GRADE: green | 85% submitted | tracked in the portal — a SMART indicator with a clear MoV; amber | enrollment rate | stated as a goal but with no baseline to measure against; red | year-2 persistence | unmeasurable as written, and no means of verification
The green cell is a verifiable indicator, the amber cell is an enrollment outcome with no baseline, and the red cell is a persistence indicator that isn't measurable and has no means of verification attached.
4 · Turn a weak link green
The review pays off when you fix the cell holding it back. Take the lowest-graded element and make it measurable with one realistic change:
Take the lowest-graded element above and fix it using only what the program could realistically measure. Show the before → after grade and the single indicator/edit that moves it to green.
For Bright Futures, that's rewriting the persistence row as a SMART year-two indicator with a registrar record as its means of verification — turning a red cell green.
5 · Make the report and share it
Generate a decision-first report in your own brand, then a shareable link:
Create a 'missing & incomplete' report from this analysis in Sopact branding [or paste your website URL / brand guideline to apply your own]. List every element graded amber or red, what is missing, and the one input that fixes each. Lead with the decision this report informs.
Create a shareable link for this report and open it in a new tab.
Tricks, tips, and troubleshooting
Every indicator needs a means of verification. The quickest tell of a weak logframe is an indicator with no way to verify it. Ask Sense which indicators have no means of verification — those are the cells a reviewer marks first.
Check the assumptions for hidden risks. Ask Sense to flag any assumption that's really an unmanaged risk. “We assume students stay enrolled” is a risk, not an assumption — and reviewers know the difference.
Re-review after each fix.

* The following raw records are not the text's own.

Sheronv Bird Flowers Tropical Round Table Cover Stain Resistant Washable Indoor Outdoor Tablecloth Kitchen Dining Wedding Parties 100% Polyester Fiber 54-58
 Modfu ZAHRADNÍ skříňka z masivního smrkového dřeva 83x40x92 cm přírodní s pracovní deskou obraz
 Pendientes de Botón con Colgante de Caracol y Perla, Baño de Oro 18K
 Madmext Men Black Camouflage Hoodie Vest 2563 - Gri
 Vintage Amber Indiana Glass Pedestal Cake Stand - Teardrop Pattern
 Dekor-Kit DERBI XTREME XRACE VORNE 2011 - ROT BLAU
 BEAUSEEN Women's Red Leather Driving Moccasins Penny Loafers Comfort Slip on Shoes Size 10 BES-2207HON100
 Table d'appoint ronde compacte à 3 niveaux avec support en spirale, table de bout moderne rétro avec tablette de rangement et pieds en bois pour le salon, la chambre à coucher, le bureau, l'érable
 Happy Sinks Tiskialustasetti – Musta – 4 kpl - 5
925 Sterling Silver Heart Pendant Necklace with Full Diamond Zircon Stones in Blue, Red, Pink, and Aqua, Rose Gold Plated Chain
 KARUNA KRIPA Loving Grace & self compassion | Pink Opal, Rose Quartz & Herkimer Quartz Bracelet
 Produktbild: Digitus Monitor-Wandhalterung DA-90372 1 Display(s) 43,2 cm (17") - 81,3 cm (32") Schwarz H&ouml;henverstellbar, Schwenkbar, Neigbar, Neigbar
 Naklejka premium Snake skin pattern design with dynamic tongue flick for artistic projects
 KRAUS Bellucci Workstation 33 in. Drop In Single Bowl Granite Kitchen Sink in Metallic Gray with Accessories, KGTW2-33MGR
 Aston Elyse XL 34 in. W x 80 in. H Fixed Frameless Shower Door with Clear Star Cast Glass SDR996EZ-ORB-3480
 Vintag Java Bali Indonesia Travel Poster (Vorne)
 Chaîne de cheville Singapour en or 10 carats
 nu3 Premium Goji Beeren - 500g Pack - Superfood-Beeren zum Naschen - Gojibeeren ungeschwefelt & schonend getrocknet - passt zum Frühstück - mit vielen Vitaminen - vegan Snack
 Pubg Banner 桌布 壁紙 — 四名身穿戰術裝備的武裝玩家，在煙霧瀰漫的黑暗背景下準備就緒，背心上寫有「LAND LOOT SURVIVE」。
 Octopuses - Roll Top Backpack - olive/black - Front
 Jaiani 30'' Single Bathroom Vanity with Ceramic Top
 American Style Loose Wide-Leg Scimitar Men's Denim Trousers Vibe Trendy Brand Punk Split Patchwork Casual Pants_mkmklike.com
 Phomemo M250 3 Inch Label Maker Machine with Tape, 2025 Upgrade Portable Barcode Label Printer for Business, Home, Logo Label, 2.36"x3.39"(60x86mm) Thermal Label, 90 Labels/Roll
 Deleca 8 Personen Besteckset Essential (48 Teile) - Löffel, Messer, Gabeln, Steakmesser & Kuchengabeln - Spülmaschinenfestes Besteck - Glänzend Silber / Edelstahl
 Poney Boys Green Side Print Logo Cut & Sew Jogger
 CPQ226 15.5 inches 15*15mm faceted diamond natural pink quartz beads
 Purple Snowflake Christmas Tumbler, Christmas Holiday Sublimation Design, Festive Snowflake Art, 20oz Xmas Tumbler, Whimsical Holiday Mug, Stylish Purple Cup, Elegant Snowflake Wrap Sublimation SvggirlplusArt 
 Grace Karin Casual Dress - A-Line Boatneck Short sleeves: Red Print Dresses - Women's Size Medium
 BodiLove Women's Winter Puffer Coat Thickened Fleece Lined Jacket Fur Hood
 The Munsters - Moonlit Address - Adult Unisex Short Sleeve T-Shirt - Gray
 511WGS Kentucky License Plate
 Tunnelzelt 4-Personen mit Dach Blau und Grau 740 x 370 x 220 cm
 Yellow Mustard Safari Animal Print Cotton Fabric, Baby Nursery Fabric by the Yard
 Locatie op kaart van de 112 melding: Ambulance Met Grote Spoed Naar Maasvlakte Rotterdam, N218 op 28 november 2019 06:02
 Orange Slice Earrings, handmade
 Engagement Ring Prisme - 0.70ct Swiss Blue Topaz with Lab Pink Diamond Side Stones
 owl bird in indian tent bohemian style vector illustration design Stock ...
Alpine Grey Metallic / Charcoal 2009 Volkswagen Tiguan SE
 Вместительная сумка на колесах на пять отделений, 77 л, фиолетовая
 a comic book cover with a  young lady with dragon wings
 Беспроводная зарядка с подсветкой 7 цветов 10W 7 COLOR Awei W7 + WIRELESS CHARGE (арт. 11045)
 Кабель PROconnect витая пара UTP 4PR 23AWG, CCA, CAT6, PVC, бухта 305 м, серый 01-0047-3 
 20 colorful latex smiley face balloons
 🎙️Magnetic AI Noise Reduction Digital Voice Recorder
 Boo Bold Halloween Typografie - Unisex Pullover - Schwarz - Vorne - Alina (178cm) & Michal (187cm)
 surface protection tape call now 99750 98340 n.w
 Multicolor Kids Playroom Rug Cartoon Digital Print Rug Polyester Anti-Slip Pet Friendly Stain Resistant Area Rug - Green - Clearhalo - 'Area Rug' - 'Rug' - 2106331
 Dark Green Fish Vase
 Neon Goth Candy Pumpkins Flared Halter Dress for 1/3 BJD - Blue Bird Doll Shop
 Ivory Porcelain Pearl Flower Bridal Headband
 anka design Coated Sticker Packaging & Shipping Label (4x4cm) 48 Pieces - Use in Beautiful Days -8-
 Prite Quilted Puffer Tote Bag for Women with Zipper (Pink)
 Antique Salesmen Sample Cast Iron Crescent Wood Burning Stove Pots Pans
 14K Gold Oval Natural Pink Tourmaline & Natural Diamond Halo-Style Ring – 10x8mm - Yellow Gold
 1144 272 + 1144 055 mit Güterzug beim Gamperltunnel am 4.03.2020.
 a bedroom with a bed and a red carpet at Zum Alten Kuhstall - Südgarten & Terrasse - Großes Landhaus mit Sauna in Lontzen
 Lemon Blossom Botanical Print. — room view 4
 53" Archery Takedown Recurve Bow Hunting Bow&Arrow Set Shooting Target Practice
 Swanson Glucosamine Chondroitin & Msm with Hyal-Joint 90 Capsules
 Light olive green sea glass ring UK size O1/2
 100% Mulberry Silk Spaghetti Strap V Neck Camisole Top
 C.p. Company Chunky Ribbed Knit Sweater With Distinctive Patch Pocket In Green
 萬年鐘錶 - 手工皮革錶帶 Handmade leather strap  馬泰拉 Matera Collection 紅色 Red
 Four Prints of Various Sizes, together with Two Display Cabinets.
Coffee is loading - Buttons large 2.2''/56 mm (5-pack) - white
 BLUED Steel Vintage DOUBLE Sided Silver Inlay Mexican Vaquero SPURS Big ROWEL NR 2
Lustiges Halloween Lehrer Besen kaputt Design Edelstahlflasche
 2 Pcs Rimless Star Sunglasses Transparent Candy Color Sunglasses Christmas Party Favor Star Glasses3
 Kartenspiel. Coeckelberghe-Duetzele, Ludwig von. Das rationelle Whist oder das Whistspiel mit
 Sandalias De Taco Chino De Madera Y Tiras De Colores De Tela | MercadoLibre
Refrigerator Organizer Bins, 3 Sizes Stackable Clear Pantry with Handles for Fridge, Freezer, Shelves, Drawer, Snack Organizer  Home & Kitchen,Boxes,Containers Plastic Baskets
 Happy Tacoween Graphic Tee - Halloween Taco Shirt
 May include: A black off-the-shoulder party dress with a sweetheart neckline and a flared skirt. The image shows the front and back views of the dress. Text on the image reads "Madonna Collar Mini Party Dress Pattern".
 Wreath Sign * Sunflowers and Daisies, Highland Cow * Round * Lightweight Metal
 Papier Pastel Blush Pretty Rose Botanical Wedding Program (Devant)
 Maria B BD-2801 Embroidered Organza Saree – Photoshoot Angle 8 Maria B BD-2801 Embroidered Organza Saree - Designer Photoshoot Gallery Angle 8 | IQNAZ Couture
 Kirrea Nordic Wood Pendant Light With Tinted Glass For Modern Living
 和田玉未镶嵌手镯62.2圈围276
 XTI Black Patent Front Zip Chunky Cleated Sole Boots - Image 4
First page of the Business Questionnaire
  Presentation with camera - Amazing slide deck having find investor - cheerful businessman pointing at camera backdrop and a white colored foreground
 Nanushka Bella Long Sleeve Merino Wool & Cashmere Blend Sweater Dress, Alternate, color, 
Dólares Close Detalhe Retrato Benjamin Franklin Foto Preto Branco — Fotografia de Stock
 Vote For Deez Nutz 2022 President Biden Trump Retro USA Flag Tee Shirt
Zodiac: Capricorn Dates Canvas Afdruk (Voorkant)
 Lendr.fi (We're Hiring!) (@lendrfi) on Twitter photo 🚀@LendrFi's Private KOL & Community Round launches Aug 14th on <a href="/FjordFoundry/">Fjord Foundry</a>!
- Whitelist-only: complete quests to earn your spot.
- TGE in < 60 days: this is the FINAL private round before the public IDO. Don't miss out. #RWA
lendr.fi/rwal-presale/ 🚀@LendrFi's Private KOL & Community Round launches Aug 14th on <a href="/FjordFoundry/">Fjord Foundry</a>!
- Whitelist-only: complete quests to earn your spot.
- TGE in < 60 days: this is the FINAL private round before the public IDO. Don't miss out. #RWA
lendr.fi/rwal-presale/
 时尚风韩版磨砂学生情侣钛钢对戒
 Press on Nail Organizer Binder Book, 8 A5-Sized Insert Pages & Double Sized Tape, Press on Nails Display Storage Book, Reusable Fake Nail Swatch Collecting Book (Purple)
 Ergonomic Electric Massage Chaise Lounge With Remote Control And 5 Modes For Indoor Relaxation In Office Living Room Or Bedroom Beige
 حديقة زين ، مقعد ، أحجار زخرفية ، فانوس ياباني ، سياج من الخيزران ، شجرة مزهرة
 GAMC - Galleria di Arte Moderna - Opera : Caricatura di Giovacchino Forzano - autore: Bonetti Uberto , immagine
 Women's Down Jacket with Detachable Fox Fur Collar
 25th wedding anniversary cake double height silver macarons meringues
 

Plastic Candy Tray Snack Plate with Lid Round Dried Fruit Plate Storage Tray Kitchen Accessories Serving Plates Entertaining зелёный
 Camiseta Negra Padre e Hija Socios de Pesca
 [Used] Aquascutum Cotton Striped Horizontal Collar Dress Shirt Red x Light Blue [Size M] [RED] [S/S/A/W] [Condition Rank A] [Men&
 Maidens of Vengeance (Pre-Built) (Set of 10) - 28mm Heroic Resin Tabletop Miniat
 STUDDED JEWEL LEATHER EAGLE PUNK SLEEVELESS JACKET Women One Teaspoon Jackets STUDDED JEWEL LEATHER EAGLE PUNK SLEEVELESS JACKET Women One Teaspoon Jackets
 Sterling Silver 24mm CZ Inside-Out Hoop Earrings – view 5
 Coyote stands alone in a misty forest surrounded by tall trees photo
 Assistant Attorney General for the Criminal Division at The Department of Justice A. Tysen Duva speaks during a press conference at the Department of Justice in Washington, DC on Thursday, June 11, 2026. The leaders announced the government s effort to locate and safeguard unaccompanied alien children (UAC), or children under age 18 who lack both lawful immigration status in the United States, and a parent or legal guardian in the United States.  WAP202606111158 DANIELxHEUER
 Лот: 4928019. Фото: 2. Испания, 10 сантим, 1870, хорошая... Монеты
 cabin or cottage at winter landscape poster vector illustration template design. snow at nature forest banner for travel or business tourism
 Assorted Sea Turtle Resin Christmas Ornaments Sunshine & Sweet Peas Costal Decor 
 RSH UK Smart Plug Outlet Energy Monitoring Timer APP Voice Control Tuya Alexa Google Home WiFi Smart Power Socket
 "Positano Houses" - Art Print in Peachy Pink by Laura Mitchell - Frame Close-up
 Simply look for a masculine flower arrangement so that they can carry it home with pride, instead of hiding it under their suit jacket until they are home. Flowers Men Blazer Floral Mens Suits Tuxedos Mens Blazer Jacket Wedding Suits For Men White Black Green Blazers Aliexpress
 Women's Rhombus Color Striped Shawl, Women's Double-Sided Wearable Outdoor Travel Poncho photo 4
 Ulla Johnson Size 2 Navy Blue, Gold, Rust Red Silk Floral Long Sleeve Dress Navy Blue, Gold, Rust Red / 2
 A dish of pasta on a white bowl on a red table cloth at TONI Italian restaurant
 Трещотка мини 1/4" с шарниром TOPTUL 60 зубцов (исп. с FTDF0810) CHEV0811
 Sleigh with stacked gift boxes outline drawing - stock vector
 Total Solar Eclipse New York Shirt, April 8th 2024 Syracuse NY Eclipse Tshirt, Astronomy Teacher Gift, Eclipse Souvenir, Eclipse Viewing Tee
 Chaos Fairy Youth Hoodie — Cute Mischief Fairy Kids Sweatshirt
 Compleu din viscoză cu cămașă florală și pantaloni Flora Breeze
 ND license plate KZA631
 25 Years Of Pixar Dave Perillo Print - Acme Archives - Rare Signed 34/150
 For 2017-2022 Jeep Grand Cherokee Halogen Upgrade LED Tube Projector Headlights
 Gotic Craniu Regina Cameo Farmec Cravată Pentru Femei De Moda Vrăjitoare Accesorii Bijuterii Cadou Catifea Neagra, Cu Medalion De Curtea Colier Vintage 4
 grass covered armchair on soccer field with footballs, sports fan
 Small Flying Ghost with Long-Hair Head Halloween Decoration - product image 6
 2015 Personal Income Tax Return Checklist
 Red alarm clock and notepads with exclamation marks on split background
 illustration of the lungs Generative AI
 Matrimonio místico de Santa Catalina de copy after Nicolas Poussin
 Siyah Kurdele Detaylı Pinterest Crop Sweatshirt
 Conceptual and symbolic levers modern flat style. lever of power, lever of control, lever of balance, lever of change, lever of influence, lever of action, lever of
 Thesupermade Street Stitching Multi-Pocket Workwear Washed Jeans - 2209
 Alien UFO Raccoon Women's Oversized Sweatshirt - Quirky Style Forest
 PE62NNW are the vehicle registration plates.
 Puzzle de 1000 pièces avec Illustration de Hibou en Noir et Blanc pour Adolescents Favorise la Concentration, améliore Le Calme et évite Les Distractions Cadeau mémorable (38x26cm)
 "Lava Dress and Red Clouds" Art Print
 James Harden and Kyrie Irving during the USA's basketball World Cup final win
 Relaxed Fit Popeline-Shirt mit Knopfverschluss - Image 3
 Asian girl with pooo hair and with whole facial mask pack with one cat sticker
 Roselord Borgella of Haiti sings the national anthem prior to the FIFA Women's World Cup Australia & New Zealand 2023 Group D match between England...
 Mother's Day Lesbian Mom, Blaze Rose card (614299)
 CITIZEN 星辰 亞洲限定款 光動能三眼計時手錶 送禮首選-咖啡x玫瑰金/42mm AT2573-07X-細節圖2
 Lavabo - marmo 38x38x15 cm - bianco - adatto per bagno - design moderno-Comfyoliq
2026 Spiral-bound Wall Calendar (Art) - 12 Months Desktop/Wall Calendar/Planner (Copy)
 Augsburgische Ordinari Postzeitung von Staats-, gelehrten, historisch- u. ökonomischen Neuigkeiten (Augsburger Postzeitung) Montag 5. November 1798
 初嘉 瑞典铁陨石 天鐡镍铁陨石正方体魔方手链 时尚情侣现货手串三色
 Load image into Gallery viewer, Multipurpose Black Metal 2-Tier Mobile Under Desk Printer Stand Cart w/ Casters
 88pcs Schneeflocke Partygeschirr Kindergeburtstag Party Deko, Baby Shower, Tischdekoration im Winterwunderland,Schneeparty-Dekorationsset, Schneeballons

Add the means of verification Sense suggests, then re-run the review next cycle and watch the grade climb.
Tighten the program page for accuracy. Once you've seen the grades, ask Sense to rewrite the page so its claims match the evidence:
Based on the grades above, suggest edits to the program page so its claims match the evidence. Flag every sentence that overstates what the program can show, and rewrite it to be accurate and specific.
Frequently asked questions
How do I know if my logframe is strong enough?
A strong logframe has a SMART indicator and a matching means of verification at every level, a baseline for each outcome it claims, and an assumptions column that lists genuine preconditions rather than unmanaged risks. If any indicator can't be measured, or any assumption is really a risk, the logframe isn't ready — grading each cell green, amber or red makes those gaps obvious.
What is a logframe review?
A logframe review rebuilds a program's 4×4 matrix and checks each cell: is the indicator SMART, is there a means of verification, is the assumption a real precondition or a hidden risk, and is there a baseline? It's the check a funder runs before approving — done in minutes with AI rather than by hand.
What are the most common logframe mistakes?
The two that show up most are unmeasurable indicators (vague, not time-bound, or with no means of verification) and risks disguised as assumptions. A third is a missing baseline, which makes an outcome indicator impossible to judge. Fixing those three is usually what turns a returned logframe into an approved one.